Absolutely no question, you need to go see a Red Sox game at Fenway. Even if you don't like baseball, Fenway park during a game is an experience everyone should have. Hell, seeing a ballgame at Fenway can make you LOVE baseball, at least live baseball. I'll tell you what, the only time I can stand to watch baseball on TV is when the Sox are in the playoffs, but I'll go to any major league game live; even a dinky team like the Brewers or somesuch. It's a truly American experience that everyone should try, if only for the energy of the crowd.

Hell, I'll even go to a Yankee game.

There's the usual touristy stuff; take a walk around The Common, and through the Public Garden, do the duck tour and the swan boats... and then there's the trolley tours which are pretty cool. Jump on and off whenever you want, and they take you around the city. Actually it's a great way to see the U.S.S. constitution, which everybody should do; and some of the various revolutionary war sites.

For the less touristy, the science museum, the childrens museum, and the computer museum (they are all within a few miles of each other) can all be visited in one good long day. Trust me on this one, the Science Museum is incredibly fun; and you can spend a whole day in there without even thinking about it. The great thing is, they're all within a few hundred feet of a T station.

Theres about 12 dozen (that would be a gross) other great museums, gallerys, and exhibitions if your fancy lies in that direction, including some of the best art collections in the world; and several of the great collections of rare books.

Fanueil hall, quincy market, copely plaza, newbury street and berkley street, and legal seafood for lunch or dinner, makes a good day if you're a shopping person.

The view from the top of the hub is frikken awesome; but the food isn't that great and it's overpriced.

If you get the chance, the boston pops is about the best pops orchestra in the country (even with Keith Lockhart instead of John Williams. Sorry, I grew up with Williams, who I happen to think is the best conductor and classical composer of the last 50 years), and the Boston Symphony Orchestra is considered THE best in the country, partly because Boston Symphony hall is considered the second best in the world after Vienna.

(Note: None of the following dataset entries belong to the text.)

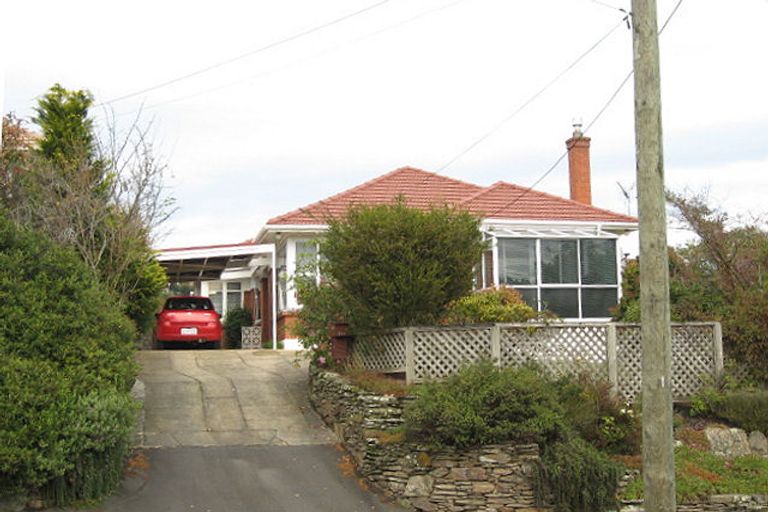 Photo of property in 337 Kenmure Road, Kenmure, Dunedin, 9011
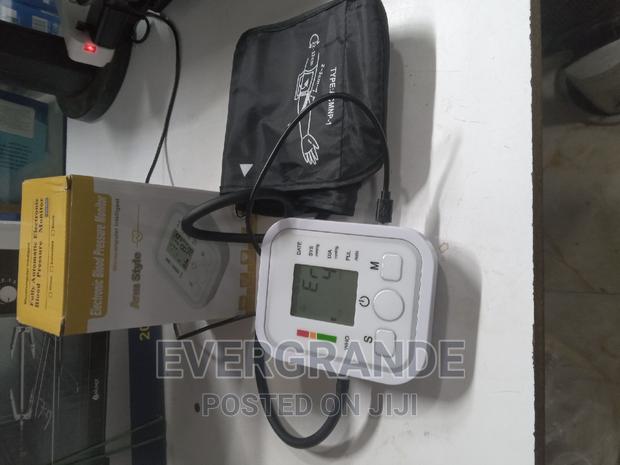 Blood Pressure Electronic Blood Pressure Monitors O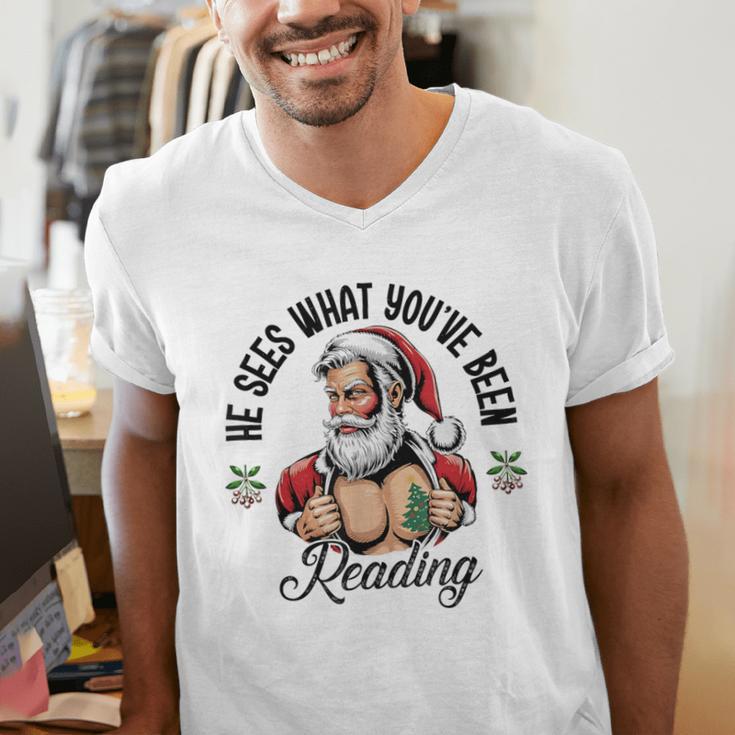 He Sees What You'Ve Been Reading Santa Xmas Book Lover Men's V-Neck T-Shirt He Sees What You'Ve Been Reading Santa Xmas Book Lover Men's V-Neck T-Shirt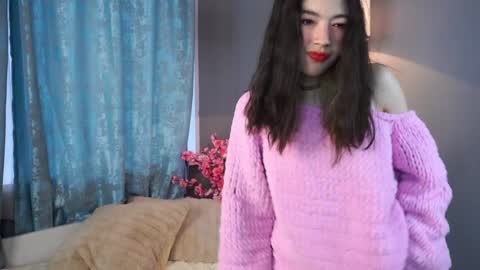 Snapshot of philomenafrost chatting on December 4, 9:18 am Hitomi oo online show from December 4, 9:18 am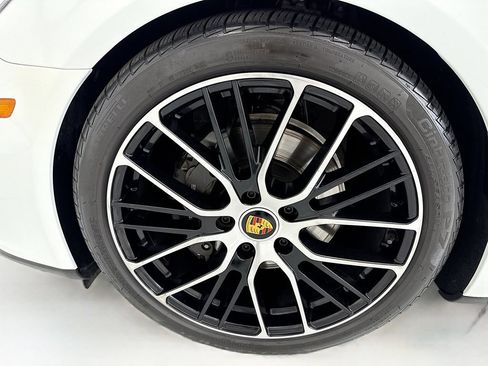 Certified 2023 Porsche Panamera Platinum Edition RWD image 30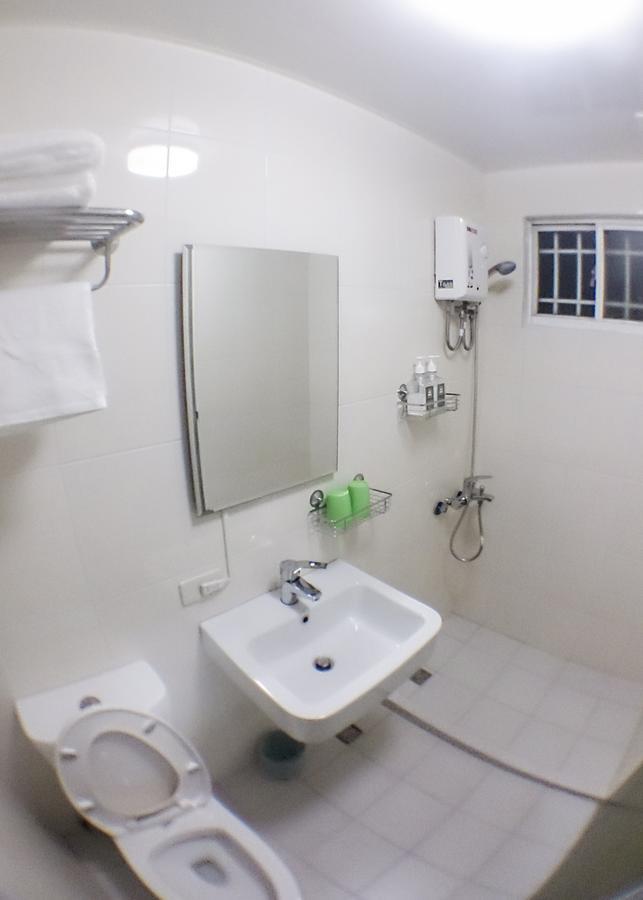 Feb Hostel Тайнань Екстер'єр фото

You can pretty much ride the red line from JFK to Alewife, get off at almost any stop, and find something good to do. Specifically JFK station has the JFK presidential library, the bayside expo center, several great parks, and three places with good live music; plus it's a short walk to castle island, which is a great free recreational park and revolutionary war fort.

In that vein, you can especially find cheap things to do that don't need a car; and cheap in Boston is always a good thing, because it's a frikken expensive city.

Also, theres only about 5000 great places to stop in for a drink, and maybe some pub grub; some with decent live music.

There's tons more I can think of, and all that's without leaving the immediate city area for the suburbs; or even the outer villages (West Roxbury etc...).
A note, Boston itself is a very small city, with only about 600,000 resident in 40sq miles, however the city of Boston annexed all of the smaller towns surrounding it over the last 200 years, which includes 4.4 million people (not including the estimated half million illegals), and about 90sq miles consisting of the neighborhoods (officially villages but no-one calls them that) of Allston, Brighton, Charlsetown, Dorchester, East Boston, Hyde Park, Jamaica Plain, Mattapan, Roslindale, Roxbury, South Boston, and West Roxbury; several of whcih contain subdivision of their own like Mission Hill, and Longmore in Roxbury; Readville in Hyde Park; and Savin Hill, Ashmont, and Lower Mills in Dorchester. Chelsea is technically it's own city (the smallest incorporated city in America at only 1.8sq miles), but most people consider it another neighborhood of Boston.
Add in Milton, Quincy, Cambridge, Sommervile, Revere, Newton, Medford, Evrett, Winthrop, Brookline, Watertown, Malden, Needham, and Dedham (all the towns directly surrounding Boston and it's outer villages)... Well, I didn't run out of things to do there for 16 years. Oh and most of those places are served by decent public transportation into town.

So what about you guys? What are your Boston "Must Do" items?